Appeal by special leave from the judgment and
order dated October 18, 1952, of the Income-tax Appellate Tribunal, Calcutta
Bench, in Income-tax Appeal No. 807/1950-51.
A. V. Viswanatha Sastri and S. C. Mazumdar,
for the appellant.
62 484 C. K. Daphtary, Solicitor-General of
India, K. N. Rajagopal Sastri, R. Ganapathy Iyer, R. H. Dhebar and D. Gupta,
for the respondent.
1960. September 2. The Judgment of the Court
was delivered by SARKAR J.-In 1944, the appellant was a resident of Lahore.
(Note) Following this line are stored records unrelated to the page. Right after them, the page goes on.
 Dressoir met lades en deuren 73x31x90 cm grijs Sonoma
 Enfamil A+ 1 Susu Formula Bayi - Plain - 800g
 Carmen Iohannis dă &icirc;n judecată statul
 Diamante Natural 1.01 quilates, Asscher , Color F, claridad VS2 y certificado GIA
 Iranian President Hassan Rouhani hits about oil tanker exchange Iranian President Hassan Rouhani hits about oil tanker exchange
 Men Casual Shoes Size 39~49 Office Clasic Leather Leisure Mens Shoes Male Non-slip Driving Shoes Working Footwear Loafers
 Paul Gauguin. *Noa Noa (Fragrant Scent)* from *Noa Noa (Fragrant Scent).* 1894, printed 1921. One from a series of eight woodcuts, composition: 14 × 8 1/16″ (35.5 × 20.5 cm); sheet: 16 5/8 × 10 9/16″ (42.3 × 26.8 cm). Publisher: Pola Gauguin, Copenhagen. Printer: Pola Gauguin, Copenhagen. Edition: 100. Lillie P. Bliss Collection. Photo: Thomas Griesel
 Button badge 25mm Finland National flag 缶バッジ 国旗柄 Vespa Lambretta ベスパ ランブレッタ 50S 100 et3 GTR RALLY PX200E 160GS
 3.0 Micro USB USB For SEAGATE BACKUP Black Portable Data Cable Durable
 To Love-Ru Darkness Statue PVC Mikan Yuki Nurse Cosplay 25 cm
On October 14, 1944, he was assessed to
income-tax by the Income-tax Officer, Lahore, for the assessment year 1944-45
on an income of Rs. 49,047. As is well-known, in August, 1947, India was
partitioned and Lahore came to be included in the newly created Dominion of
Pakistan and went out of India. After the partition, the appellant shifted to
Delhi and was residing there at all material times.
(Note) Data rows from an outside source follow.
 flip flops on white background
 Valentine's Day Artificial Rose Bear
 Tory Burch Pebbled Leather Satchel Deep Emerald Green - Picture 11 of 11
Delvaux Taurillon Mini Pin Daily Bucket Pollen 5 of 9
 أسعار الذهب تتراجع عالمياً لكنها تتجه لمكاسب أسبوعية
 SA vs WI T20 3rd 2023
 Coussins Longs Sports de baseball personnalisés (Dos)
The appellant held shares in a company called
Indra Singh and Sons Ltd. which had its office at Calcutta. The other shares in
that company were held by Indra Singh and Ajaib Singh. The holdings of all the
shareholders were equal. An annual general meeting of this company was held on
April 17, 1943, in which the accounts for the year ending March 31, 1942, were
placed for consideration. The accounts were passed at the meeting but no
dividend. was declared though the accounts disclosed large profits.
On June 11, 1947, an Income-tax Officer of
Calcutta passed an order under s. 23A of the Income-tax Act that Rs. 14,23,110
being the undistributed portion of the assessable income of the company for the
year ending March 31, 1942, after the deductions provided in the section, be
deemed to have been distributed as dividend among the three shareholders on the
date of the general meeting, that is, April 17, 1943. As a result of this order
a sum of Rs. 4,74,370. being his share of the amount directed to be
distributed, had under the section, to be included in the income of the
appellant for the assessment year 1944-45.
The validity of this order was never
The Income-tax Officer, Calcutta, informed
the Income-tax Officer, Delhi, of the order made by him under a. 23A.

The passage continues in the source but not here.